Van Arsdell 2015f (Info)
Semiotics of Celtic Coins XI – Producing and Interpreting Replicas
By Robert D. Van Arsdell
This article discusses how Replica images can vary – information that can be useful in identifying them. The discussion then turns to the vast range of sources that can inspire the creation of Replicas – and offers cautionary notes about over-interpretation.
When a widely known symbol is copied onto a coin, the resulting image is a Replica (info). One precondition for using Replicas is that everyone must recognize them. When this condition is met, a predictable message can be conveyed.
Usually, Replica images can be stripped down to the barest essentials and still communicate the message. Only few key elements of the original design need be placed on a coin to produce the desired effect. An exact, detailed copy of the original symbol is often not needed. Eco describes the selection of the elements that need to be copied as a mapping function (info).
One need only think of the representation of Britannia on modern British coinage to understand this concept. The image varies from coin type to coin type and on some coins a lion accompanies the seated figure. However, despite the variations and with or without the lion, the seated figure is still recognized as Britannia.
Also compare the image of St. George and the Dragon on an 1887 Crown to that on the 1935 “Jubilee” Crown. The image on the Victorian design is very detailed and representational, that on the George V coin carries a more abstract image. Yet everyone recognizes the image as St. George and the Dragon (info).
A Replica only needs the minimum number of design details to convey the intended meaning. Thus, die-cutters can strip out unnecessary details when an image is placed on a smaller coin. In other instances, images are made more abstract over time and the unnecessary elements are eliminated in the process.

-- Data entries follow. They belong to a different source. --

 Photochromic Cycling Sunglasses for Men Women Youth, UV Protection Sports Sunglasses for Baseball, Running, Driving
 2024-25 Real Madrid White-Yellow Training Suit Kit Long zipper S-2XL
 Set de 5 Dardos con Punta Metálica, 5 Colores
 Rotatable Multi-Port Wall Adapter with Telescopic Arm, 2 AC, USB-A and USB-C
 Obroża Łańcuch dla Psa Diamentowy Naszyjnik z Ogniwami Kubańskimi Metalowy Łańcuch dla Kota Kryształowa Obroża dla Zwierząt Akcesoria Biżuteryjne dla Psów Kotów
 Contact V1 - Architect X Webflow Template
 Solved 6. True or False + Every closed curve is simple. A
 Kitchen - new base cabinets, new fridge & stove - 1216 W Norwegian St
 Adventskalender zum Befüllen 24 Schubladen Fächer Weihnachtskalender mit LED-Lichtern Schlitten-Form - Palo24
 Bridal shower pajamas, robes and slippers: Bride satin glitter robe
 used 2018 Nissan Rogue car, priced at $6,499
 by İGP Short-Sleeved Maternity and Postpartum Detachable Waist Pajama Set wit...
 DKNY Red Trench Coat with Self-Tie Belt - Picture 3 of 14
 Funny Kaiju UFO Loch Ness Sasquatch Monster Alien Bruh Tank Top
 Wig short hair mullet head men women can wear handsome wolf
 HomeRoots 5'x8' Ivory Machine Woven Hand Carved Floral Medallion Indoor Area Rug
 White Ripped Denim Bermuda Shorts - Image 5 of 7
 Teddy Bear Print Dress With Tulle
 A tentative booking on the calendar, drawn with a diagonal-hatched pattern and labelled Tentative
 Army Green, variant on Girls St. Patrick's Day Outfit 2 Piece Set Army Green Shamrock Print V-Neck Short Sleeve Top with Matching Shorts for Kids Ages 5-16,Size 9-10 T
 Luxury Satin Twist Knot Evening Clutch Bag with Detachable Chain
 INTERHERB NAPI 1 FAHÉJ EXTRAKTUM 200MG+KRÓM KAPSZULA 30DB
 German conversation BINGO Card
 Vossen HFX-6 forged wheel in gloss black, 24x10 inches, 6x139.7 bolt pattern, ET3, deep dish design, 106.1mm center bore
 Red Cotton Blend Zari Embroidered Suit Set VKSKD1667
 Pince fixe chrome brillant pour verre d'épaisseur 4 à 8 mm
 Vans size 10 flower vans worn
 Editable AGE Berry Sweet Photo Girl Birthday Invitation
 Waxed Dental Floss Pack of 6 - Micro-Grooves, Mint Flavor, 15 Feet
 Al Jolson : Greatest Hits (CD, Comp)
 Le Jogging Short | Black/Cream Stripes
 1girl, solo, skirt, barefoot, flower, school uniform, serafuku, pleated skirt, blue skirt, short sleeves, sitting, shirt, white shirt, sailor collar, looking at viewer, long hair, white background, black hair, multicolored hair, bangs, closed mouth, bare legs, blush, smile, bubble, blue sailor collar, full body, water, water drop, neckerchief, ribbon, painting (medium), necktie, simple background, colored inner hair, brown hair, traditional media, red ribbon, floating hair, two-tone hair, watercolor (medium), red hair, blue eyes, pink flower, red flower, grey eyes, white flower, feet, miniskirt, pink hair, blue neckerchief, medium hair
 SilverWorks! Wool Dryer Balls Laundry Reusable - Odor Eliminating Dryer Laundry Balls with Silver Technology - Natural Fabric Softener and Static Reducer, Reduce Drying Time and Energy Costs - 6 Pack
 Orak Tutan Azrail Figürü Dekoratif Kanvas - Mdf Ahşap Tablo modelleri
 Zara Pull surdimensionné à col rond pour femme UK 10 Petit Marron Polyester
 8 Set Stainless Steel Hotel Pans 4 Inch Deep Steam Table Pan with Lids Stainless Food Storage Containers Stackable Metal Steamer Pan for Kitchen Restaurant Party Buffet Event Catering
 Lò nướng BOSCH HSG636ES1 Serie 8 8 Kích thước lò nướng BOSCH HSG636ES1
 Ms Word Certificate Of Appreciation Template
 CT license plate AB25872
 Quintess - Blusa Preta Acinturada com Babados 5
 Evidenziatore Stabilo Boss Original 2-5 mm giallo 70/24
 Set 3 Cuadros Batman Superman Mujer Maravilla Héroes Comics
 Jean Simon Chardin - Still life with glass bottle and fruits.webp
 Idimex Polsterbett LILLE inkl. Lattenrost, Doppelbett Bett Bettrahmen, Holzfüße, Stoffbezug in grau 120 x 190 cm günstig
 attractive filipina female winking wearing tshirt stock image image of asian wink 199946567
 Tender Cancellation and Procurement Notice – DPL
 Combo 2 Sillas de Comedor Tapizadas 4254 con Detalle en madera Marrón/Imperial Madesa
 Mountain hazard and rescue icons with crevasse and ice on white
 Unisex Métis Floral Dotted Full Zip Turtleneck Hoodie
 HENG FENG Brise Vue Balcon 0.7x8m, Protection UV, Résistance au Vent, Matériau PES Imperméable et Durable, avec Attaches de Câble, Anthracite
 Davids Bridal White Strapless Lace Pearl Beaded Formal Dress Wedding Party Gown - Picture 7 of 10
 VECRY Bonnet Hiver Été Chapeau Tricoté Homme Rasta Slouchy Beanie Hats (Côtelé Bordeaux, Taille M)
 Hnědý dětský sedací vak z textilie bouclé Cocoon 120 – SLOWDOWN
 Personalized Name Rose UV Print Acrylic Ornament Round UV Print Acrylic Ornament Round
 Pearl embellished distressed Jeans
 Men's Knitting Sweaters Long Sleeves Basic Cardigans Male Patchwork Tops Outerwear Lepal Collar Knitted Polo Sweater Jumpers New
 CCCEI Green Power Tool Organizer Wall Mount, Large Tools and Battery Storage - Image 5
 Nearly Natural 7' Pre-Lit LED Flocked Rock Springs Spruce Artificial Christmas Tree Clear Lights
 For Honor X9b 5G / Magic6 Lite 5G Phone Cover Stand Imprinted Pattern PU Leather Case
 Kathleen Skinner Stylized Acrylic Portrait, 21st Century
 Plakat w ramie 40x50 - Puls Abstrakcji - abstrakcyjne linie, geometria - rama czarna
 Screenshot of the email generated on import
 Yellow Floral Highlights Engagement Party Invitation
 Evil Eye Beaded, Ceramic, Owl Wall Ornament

Whenever images on coins vary in detail or abstraction, be alerted – they might be Replicas.
Producing minimal images – abstraction
Two Cast Bronzes demonstrate nicely how Replica images can be simplified by abstraction.
The Cast Bronze shown at the top of this article likely carries two Replicas. Each side of the coin has a single image, a head and a bull, with no other complicating elements. These motifs were adapted from Gaulish coins, in turn inspired by coins of Greek Massilia.
The act of image copying provides one reason to believe we are looking at Replicas. The lack of other complicating image elements is a second reason to believe so (info).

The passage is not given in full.